Antonio Carlos Lopes

08/04/2019 | 07:00


O assunto do dia, quando se fala em atendimento e qualidade de vida ao cidadão, é a telemedicina. Empresas de tecnologia, entidades médicas, gestores, planos e operadoras de saúde, só para citar alguns exemplos, debatem exaustivamente se é ou não a salvação para todos os problemas e mazelas da assistência aos cidadãos.

Todas as novidades, obviamente, trazem pró e contra. Contudo, diz a história da humanidade, o copo nem está meio cheio quanto parece aos otimistas nem tem menos da metade de seu conteúdo, como querem ver os pessimistas. Fato é que meio copo de água, por exemplo, contém exatamente a metade de sua capacidade em volume.

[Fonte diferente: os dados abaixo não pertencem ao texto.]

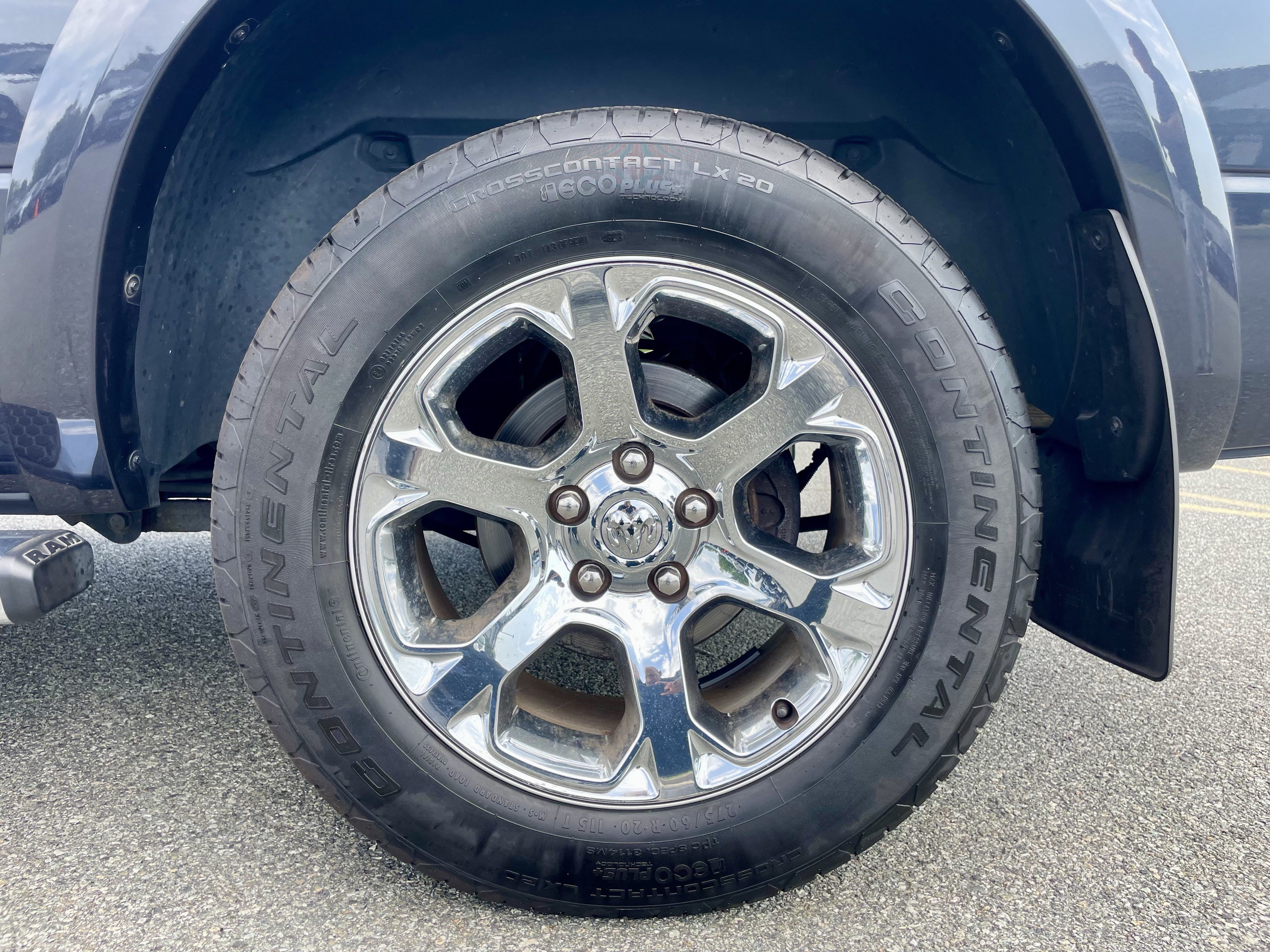 Used 2017 RAM 1500 Laramie w/ Convenience Group AWD/4WD image 10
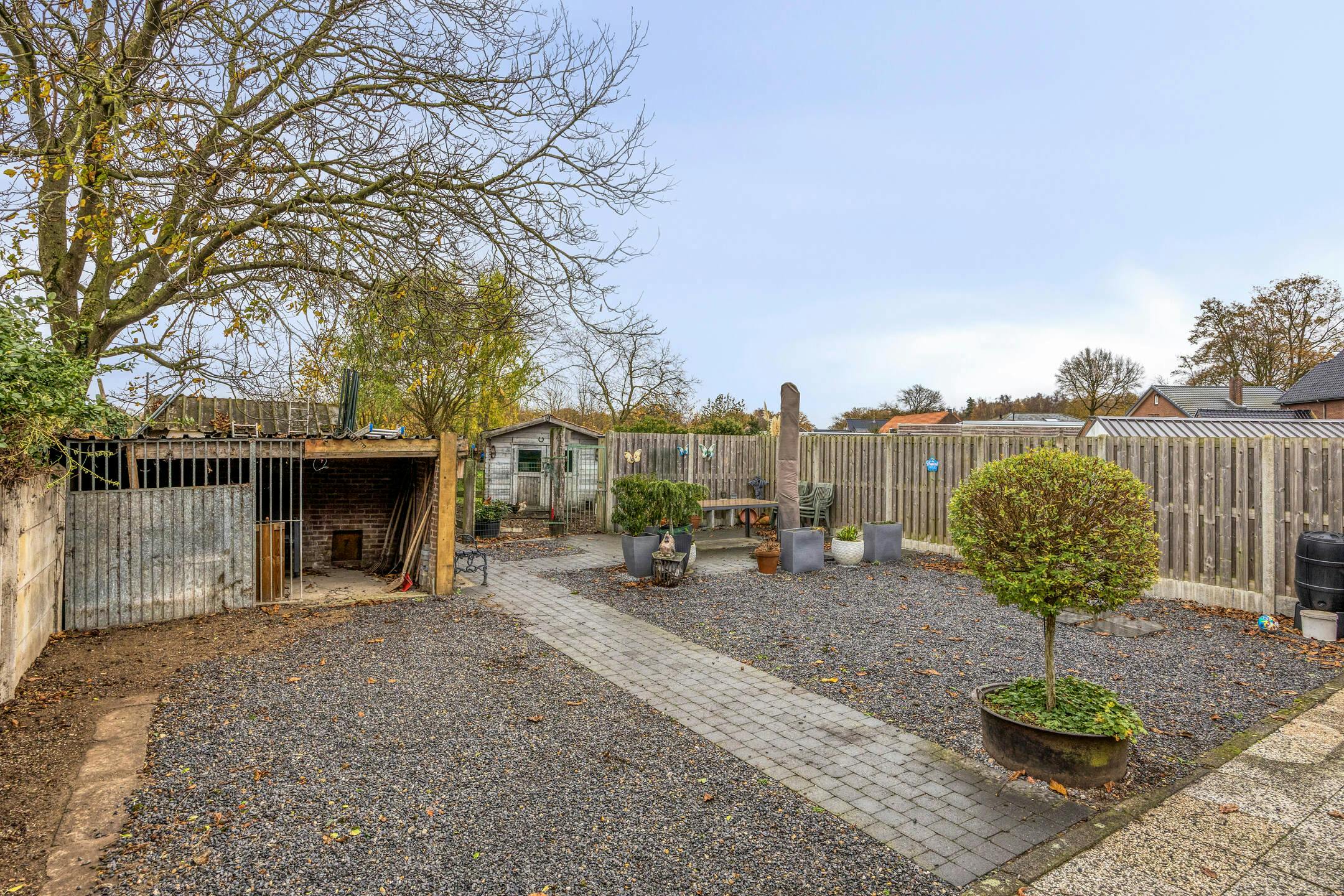 Gelijkvloerse, rolstoelvriendelijk huis te koop op rustige locatie in Molenbeersel foto 14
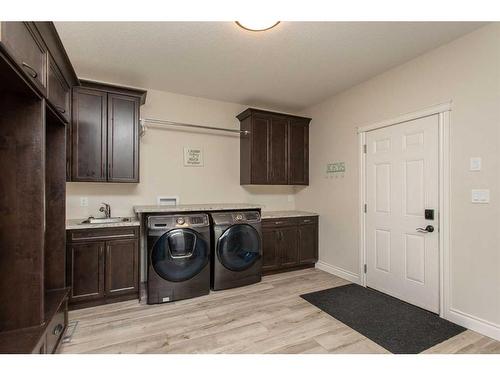 37247 Range Road 264, Rural Red Deer County, AB - Indoor Photo Showing Bathroom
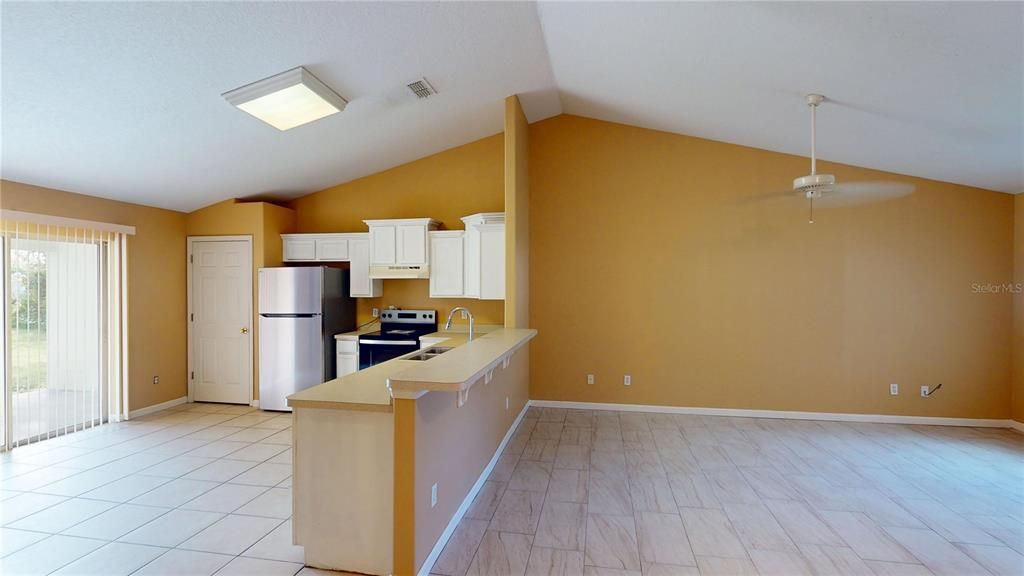 For Sale: $549,900 (6 beds, 0 baths, 2775 Square Feet)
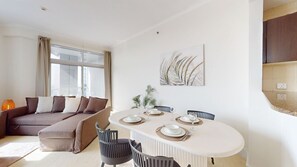 Dining - Premium 2 Bed| High Floor, Panoramic Skyline Views I Torch Tower (Dubai Marina)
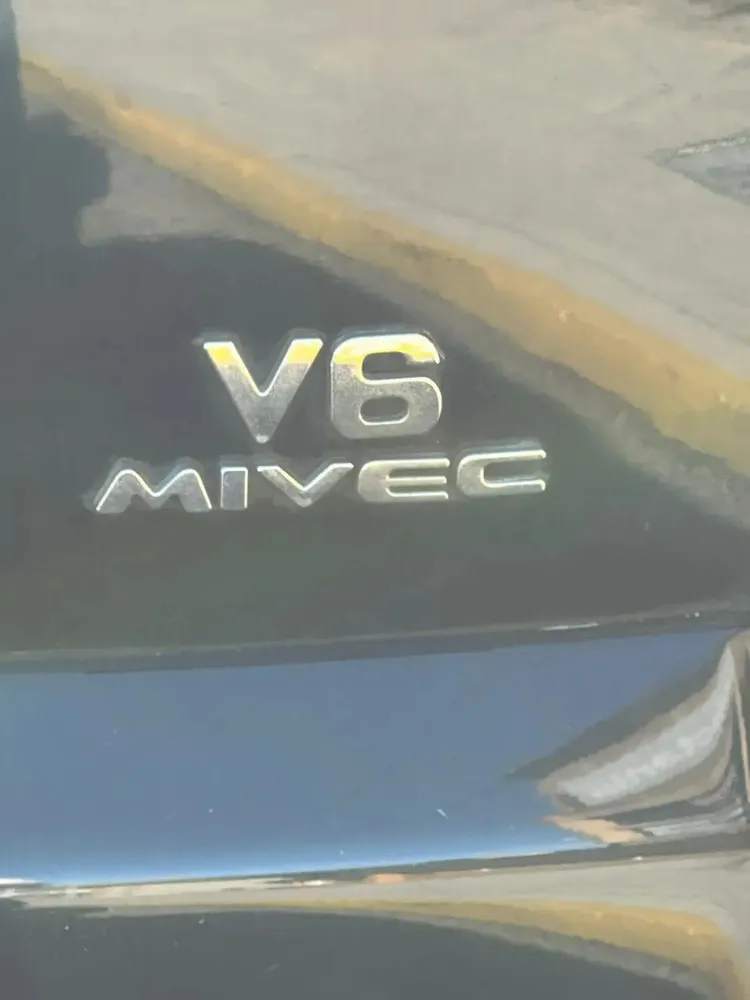 Vista 15 del vehículo: Mitsubishi Montero Sport
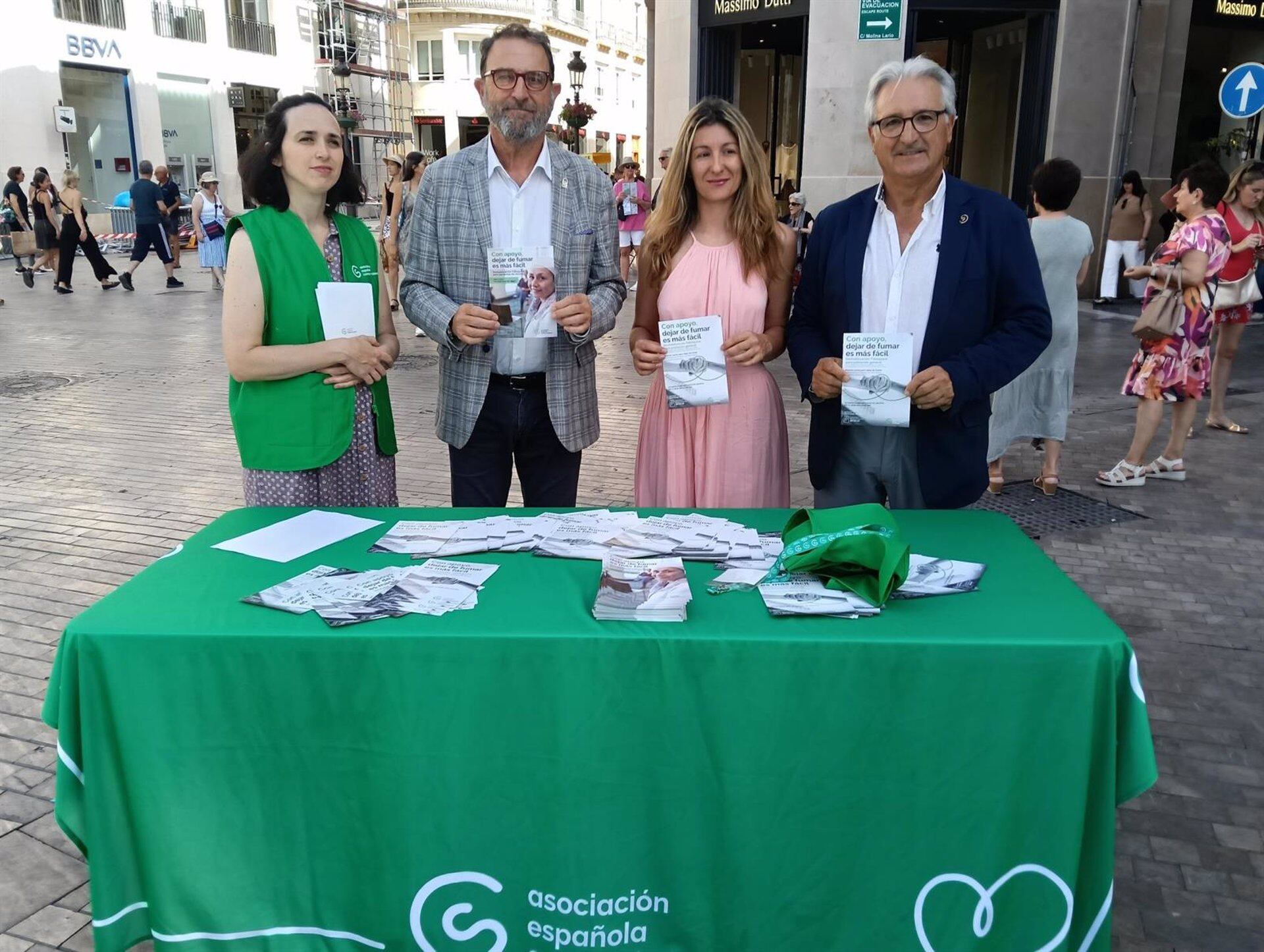 Del 30 de mayo al 4 de junio, se instalarán mesas informativas en hospitales, centros de salud y puntos clave de los distintos municipios de la provincia, donde se ofrecerá asesoramiento personalizado y recursos para dejar de fumar. Además, se celebrarán marchas y caminatas saludables para visibilizar la importancia de una vida libre de tabaco.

Assim, em meio à polêmica, certo é que há porta-vozes para defender os interesses dos mais diversificados, boa parte inclusive contestável. Existem aqueles que só olham para seu ganha-pão profissional, os corporativistas, os que visam exclusivamente ao lucro, empresários mercantilistas, e até os que pensam no bem-estar da coletividade em termos de acesso, qualidade de atendimento e boa oferta de saúde, infelizmente – um grupo ainda minoritário.

No Canadá, e em outros países cultural e economicamente mais avançados do que o Brasil, a telemedicina funciona muito bem, graças a Deus.

A questão é que a base do atendimento é completamente diferente. Por exemplo, as especialidades médicas são direcionadas apenas para os atendimentos mais complexos. Todo o restante, ou seja, a assistência primária, é realizado pelo clínico médico ou por médicos de família.

Nessas nações, também se tem como prioridade a promoção e a prevenção. Bem diferente do Brasil, em que o foco é a doença. Por aqui, esperamos primeiro que a enfermidade se manifeste para, então, entrar com a intervenção curativa.

Em um cenário com tal distorção, nem telemedicina nem milagre resolverão os gargalos da rede de saúde e a deficiência nos cuidados aos cidadãos. É urgente rever a sistematização e as políticas do setor, para vislumbrar um caminho de eficácia e resolubilidade.

Outra prioridade é resgatar os princípios da humanização da medicina. Desde as faculdades, os futuros doutores devem ter a consciência de que paciente tem nome e sobrenome. O indivíduo enfermo não pode ser visto como um número de quarto ou um usuário do plano de saúde ‘X’, ‘Y’ ou ‘Z’.

Medicina de qualidade tem como premissa gostar de gente. Portanto, somente aquele que tem respeito e apreço por seu semelhante pode exercer profissão relevante com a nobreza que lhe é inerente.

Certeza ainda é que não existe medicina quando se olha focando os rendimentos do mês ou o enriquecimento acima de tudo. Saúde é coisa séria, da mesma forma que gente é para ser feliz, como diria o poeta.

Não existe felicidade na doença, como bem sabemos.